De primeira, a sensação é de estar diante de uma cena eletrônica experimental: teclados e sintetizadores focados em criar ambiência, enquanto o vocal aparece recortado, como se a máquina tivesse bugado. Cada lado do fone entrega uma falha diferente. Não há percussão convencional no início, o que reforça essa estranheza.
Na faixa-título Kid A, a impressão é de uma abdução sonora, como se dados estivessem sendo processados. A voz de Thom Yorke não aparece em potência, mas em murmúrios e gemidos, distorcidos como se viessem de um rádio com interferência. Isso dá ainda mais brilho ao baixo, que entra pela primeira vez. O teclado/sintetizador, por sua vez, soa como um nascer do sol. É uma faixa que apresenta os instrumentos em camadas, e a bateria também carrega esse aspecto “radiofônico”.
Em The National Anthem, a bateria surge pela primeira vez de forma mais convencional, junto ao baixo que novamente rouba a cena. O destaque, no entanto, é o caos sonoro, com metais que lembram o tráfego caótico de uma avenida — algo até próximo da ideia de “Construção” do Chico Buarque. É como se a banda tivesse deixado de lado qualquer preocupação com convenções de mercado.
A mais “normal” até aqui é How to Disappear Completely. Violão e voz em protagonismo, com Thom finalmente sem tantos efeitos até o final. Os sintetizadores simulam violinos, e a guitarra aparece discretamente, com uma distorção suave, quase servindo de apoio. Quando a voz ecoa “I’m not here”, desaparece em meio ao reverb, reforçando o clima etéreo.

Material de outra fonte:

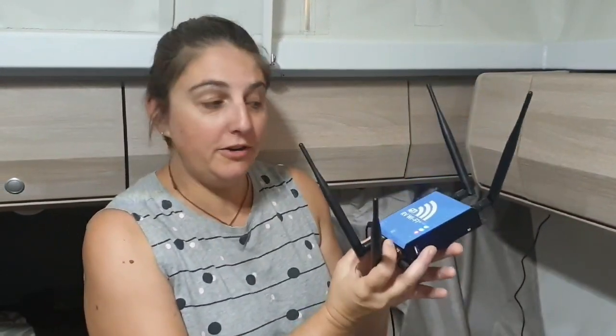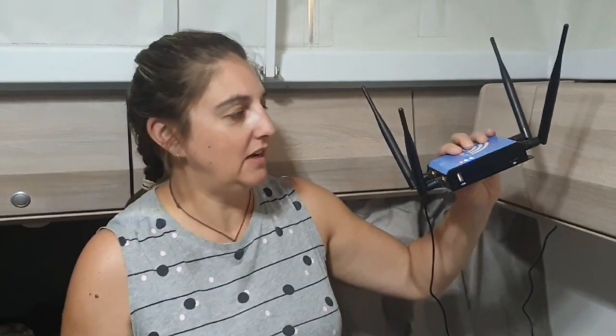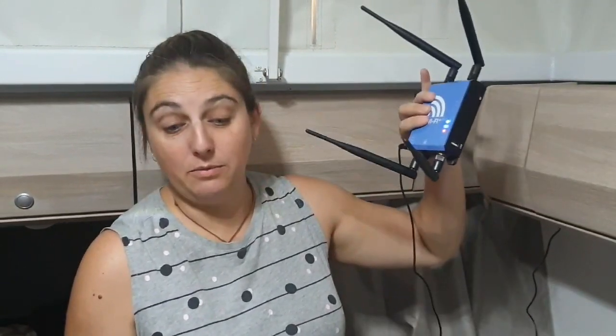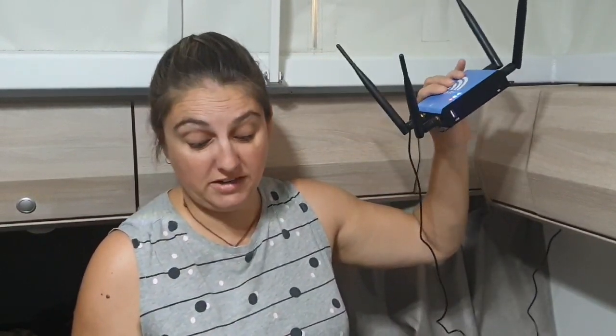We haven't used it a lot on the road specifically yet, but we're hanging for that — the function of being able to put a hard drive into it and accessing all our movies and TV shows that way, which is saving us data. It's been a godsend and well worth the money. We actually haven't even put the rooftop antenna on yet and it's already fantastic, so definitely worth going.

Esse disco inteiro parece viver em tensão constante: esperamos uma virada de bateria que não vem, uma explosão que nunca chega. E, ainda assim, conseguimos imaginar uma multidão acompanhando as vocalizações harmônicas em um show. As guitarras são discretas, mas intensas, reforçando os outros instrumentos. Um bom exemplo é In Limbo, onde o dedilhado dá profundidade enquanto as vocalizações funcionam como suporte.
Em Idioteque, o clima eletrônico volta com força total: sem instrumentos orgânicos, apenas batidas picotadas e o vocal usado quase como um sample. É puro underground eletrônico, lembrando até scratches de DJs de hip-hop.

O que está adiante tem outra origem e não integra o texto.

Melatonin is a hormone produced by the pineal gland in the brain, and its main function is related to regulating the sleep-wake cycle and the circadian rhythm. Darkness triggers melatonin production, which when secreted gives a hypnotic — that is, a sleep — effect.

Minha favorita foi Morning Bell: progressão clara, refrão reconhecível, bateria em contratempo e falsetes de Thom que soam como uma confissão. Aqui, o teclado mais grave dialoga bem com baixo e bateria simples. Dá para imaginar essa faixa como uma música de trabalho.

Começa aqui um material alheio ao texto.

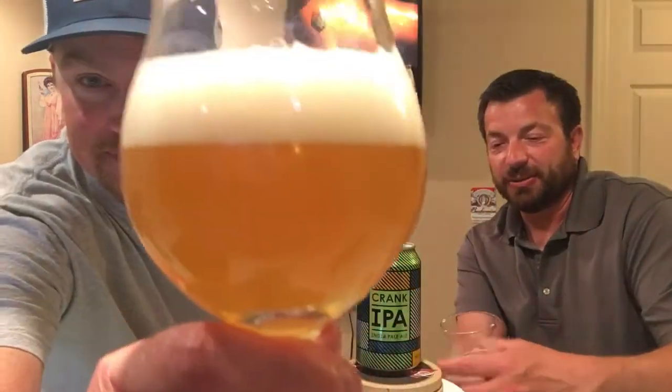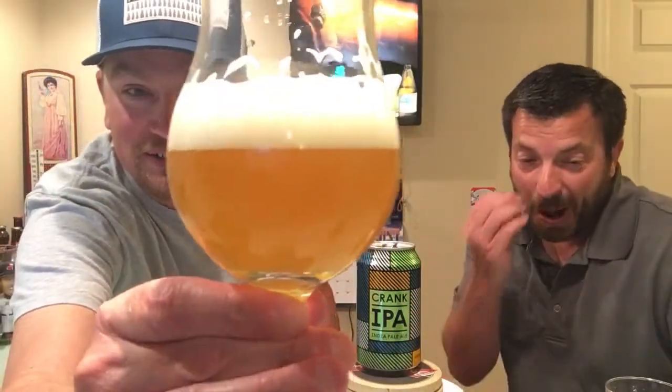I am not a fan — if I had to pick a style to drink the rest of my life it wouldn't be an IPA. However, I like the way they smell. It does smell phenomenal. It looks good. That head is hanging around there for a while, and it's got some really nice lacing.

O álbum se encerra com Motion Picture Soundtrack. Sem bateria, mas com a presença fantasmagórica de uma harpa contrastando com timbres que lembram um teremim — como se fossem dois lados de um mesmo sonho.
No geral, Kid A soa como um convite a mergulhar em ondas alfa, ruído branco, ou até uma sessão de downtempo. Um álbum que desconstrói expectativas e prova como o Radiohead estava disposto a reinventar não só seu som, mas a forma de se fazer música no fim dos anos 90.